Q: What was your role with Habitat? 

A: I provided a lot of general support to the market systems HQ team, but I mainly worked on drafting and editing different knowledge products (reports, etc.) that the team produced. I also have been helping them set up and roll out their market systems database, which is going to collect quantitative indicators around monitoring and results measurement for our different market systems programs worldwide. A big highlight of my internship was able to attend the SEEP conference in Washington D.C. last year with the team, which was really valuable because I was able to attend many sessions around market systems, economic development, and MEAL. 

Q: What was your favorite part of interning with Habitat for Humanity?  

A:  I really feel well-versed in different components of market systems work, which is going to help me in my field practicum this summer with ACDI/VOCA, where I'll be working on a livestock market systems program. It's also really inspiring to see the different types of work that the market systems teams are doing around the world and it makes me think differently about the role that an NGO can play as a facilitator for change between the public and private sectors. Our teams are doing things like trying to facilitate the use of manufactured sand in India to running startup accelerators for innovating housing products, and they are working with private businesses, government ministries, vocational training institutes, and even design thinking researchers to try and push the envelope around affordable housing. I really like that the teams have the leverage to do what makes the most sense for their particular context, and it leads to some really exciting stuff. 

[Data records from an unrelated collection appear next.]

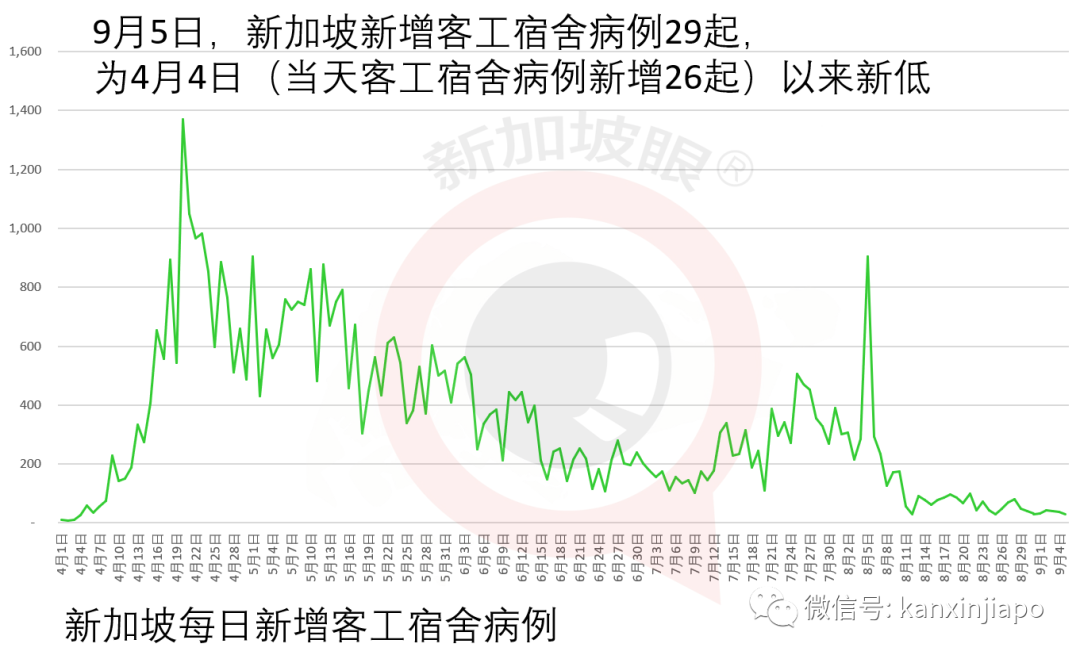 今增XX |金句连连！新加坡部长谈与中国关系，似一起健身好兄弟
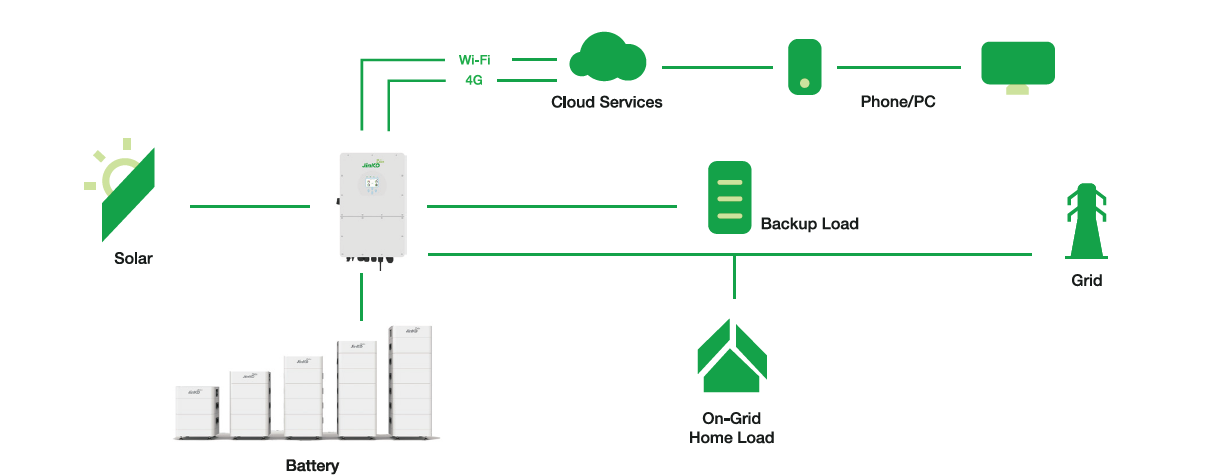 A diagram that illustrates how JinkoSolar's Residential Energy Storage Solutions can be applied in domestic solar energy collection settings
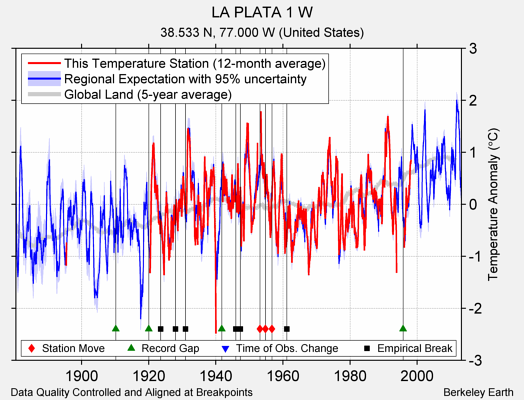 LA PLATA 1 W comparison to regional expectation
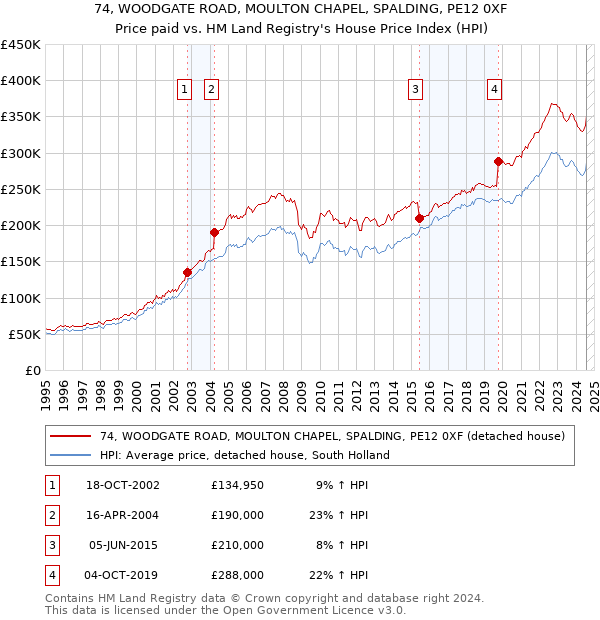 74, WOODGATE ROAD, MOULTON CHAPEL, SPALDING, PE12 0XF: Price paid vs HM Land Registry's House Price Index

I worked with the Terwilliger Center my entire career at graduate school, so nearly two years! It was really nice to stay with the same group of folks throughout grad school. 

Melania Croce, 2019 

Graduate Research Assistant, The Carter Center

Q: What were your objectives with The Carter Center? 

A: Drawing upon an extensive review of both scholarly and grey literature on Violence Against Women in Elections (VAWE,) I supported the Democracy Program's effort to design global research tools for quantitative and qualitative data collection on VAWE (i.e. key indicators, survey questionnaire, semi-structured in-depth interviews.) Given the complex, multifaceted, and sensitive nature of this phenomenon, incidents of violence, threat, and intimidation perpetrated against women during the electoral period are usually under-researched and under-reported. Thus, adopting a common framework of measurement would allow for stronger comparability of data across time and geographical areas, and would provide sound evidence to advocate for policy and legal changes.

Q: What was your favorite part of interning with The Carter Center?

A: I appreciated to research on this issue because it encompasses topics of interest such as gender, equity, intersectionality, sexuality, power dynamics, marginalization, and discrimination. Furthermore, I had the opportunity to engage with ideas of several scholars and exemplary anecdotes from practitioners working in Africa, Southeast Asia, and Latin America, and reflect on the numerous challenges of data collection and monitoring. Moreover, I had the opportunity to meet Former President Jimmy Carter and First Lady Rosalyn and take a picture together!

Fiona Cooper, 2020

CARE International - Internship with Knowledge Management and Learning 

Q: Tell us a bit about what you did with CARE? 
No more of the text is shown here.